He's not the Messiah . . .
Half-hearted new novel: JM Coetzee. photograph: m frassinetti/rex features
FICTIONJM Coetzee’s new novel reads like a parody of the venerable writer’s own style and vision
The Childhood of Jesus, By JM Coetzee, Harvill Secker, 277pp, £16.99
A man arrives in a settlement. In his care is a small boy he apparently met abandoned on the journey. They are homeless refugees who have been given new names, been allocated ages and been required to master a new language, Spanish. It is all very strange, possibly postapocalyptic. Or is it? This new society appears to be run according to very simple, clear-cut directives. Bread is the main diet. Questions are not answered, and no one has any memories. The past has been erased.
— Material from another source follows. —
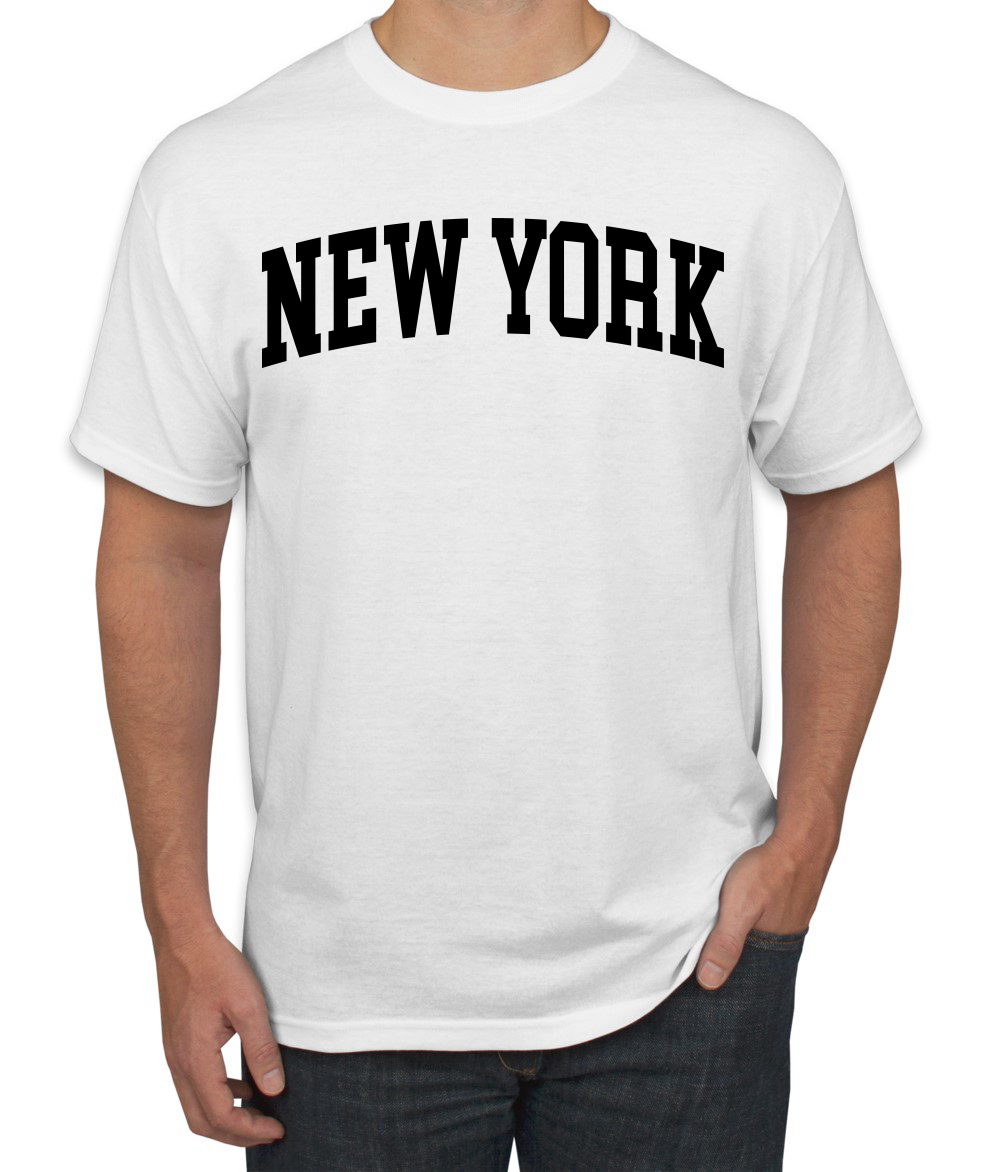 State of New York College Style Black Fashion Men T-Shirt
Simon, the man, has been informed that he is officially 45. He may be older; he feels ageless, then ancient, and soon becomes extremely exasperated.
Almost as exasperated, perhaps, as some readers may become; this is a highly eccentric narrative, which, after an intriguing opening sequence, becomes increasingly bizarre. The South African writer JM Coetzee, now an Australian citizen, was the first double winner of the Booker Prize, as it was then, with two of the finest victors in that award’s history, Life Times of Michael K (1983) and Disgrace (1999), both set in South Africa. He was awarded the Nobel Prize in 2003. Coetzee has looked to literature, in The Master of Petersburg (1994), which draws on Dostoevsky, and more latterly to his own life, with a trilogy of fictionalised “autrebiographical” (his word) memoir/novels culminating with Summertime (2009), in which a biographer tracks Coetzee the man after the novelist’s death.
In a major career that began with Dusklands (1974), John Maxwell Coetzee explored the political reality of his native country, in daring novels such as Waiting for the Barbarians (1982) and Age of Iron (1990), with a nimble artistry that dazzled the authorities. A hero to apartheid’s opponents until the system fell, he then lost favour with the very people he had supported. His response was decisive: he went to live in Australia, taking citizenship in 2006.
His imagination remains on the move. Tormented states of mind, ambivalence and guilt stalk his work, as do the dual influences of Kafka and Beckett. Coetzee is no comedian, yet this crazy new book, intended as a parable, is hilariously, if possibly unintentionally, funny. Admittedly, it is an oddball humour: the characters are deadly serious, earnest, and much of the dialogue is such ponderously stilted robotspeak that one wonders if one has misread it.